Sharing Economy: Felici di condividere la nostra esperienza
Ciao a tutti,
Oggi vogliamo condividere con voi una sintesi a caldo dell’appuntamento di sabato a FAI LA COSA GIUSTA (foto) di Milano: “Sharing Economy: felici di condividere. Ma Cosa?”.
Dopo il benvenuto di Simona Falasca, Direttore Responsabile di greenMe.it, la blogger Pamela Pelatelli ha introdotto l’incontro presentando la Sharing Economy attraverso alcune parole chiave, quali fiducia nel futuro, passione, consapevolezza dello spreco, risparmio, impatto ambientale. Pamela ha anche sottolineato l’importanza di spostare nuovamente l’attenzione sul bisogno finale piuttosto che sul mezzo per ottenerlo, ricordandoci che “abbiamo bisogno non dell’hotel ma del viaggio”. E’ stato inoltre evidenziato il valore sociale della sharing economy: la rete funge da amplificatore, ma le community virtuali si traducono poi in comunità reali che si incontrano e interagiscano nella vita comune.
Le esperienze presentate, variegate per tipologia di servizio offerto e per livello di maturità raggiunto, sono tutte accomunate dall’idea che condivisione sia davvero una delle parole chiave del futuro.
Ha iniziato Fabrizio Bacchini raccontando l’esperienza di Sfinz, una piattaforma di condivisione delle capacità e competenze attualmente incentrata su Roma e Milano. Sfinz mette in contatto gli utenti che necessitano un aiuto o servizio con gli sfinzer, che hanno tempo e talento a disposizione per aiutarli. La piattaforma è pensata più per studenti volenterosi e lavoratori part-time che per veri e propri professionisti, in perfetto stile Sharing Economy. E allora “Need it? Sfinz it!”.

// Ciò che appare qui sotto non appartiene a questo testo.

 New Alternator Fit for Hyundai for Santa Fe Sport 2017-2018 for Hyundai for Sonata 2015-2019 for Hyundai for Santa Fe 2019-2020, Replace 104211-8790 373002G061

Aurelio Balestra ha poi presentato la realtà di Toolbox, uno dei più grandi spazi di co-working in Italia. Al meccanismo di condivisione degli spazi e dei servizi comuni per ottenere un vantaggio economico si affianca quello della condivisione di idee e creatività, grazie alla formazione di una rete sociale e professionale molto vasta ed eterogenea. Sono i fenomeni della biodiversità e della cross-innovation, veri punti di forza di Toolbox. E il 6 Aprile si terrà il ToolboxFestival!
I numeri del servizio di car-pooling Bla Bla Car sono stati presentati da Olivier Bremer, che punta tutto su affidabilità, semplicità d’uso e sicurezza: 3 milioni di utenti tra Francia, Italia e Polonia, in continua crescita e generalmente attivi sulle lunghe distanze. I vantaggi? Risparmi, conosci persone nuove, inquini meno. Serve altro?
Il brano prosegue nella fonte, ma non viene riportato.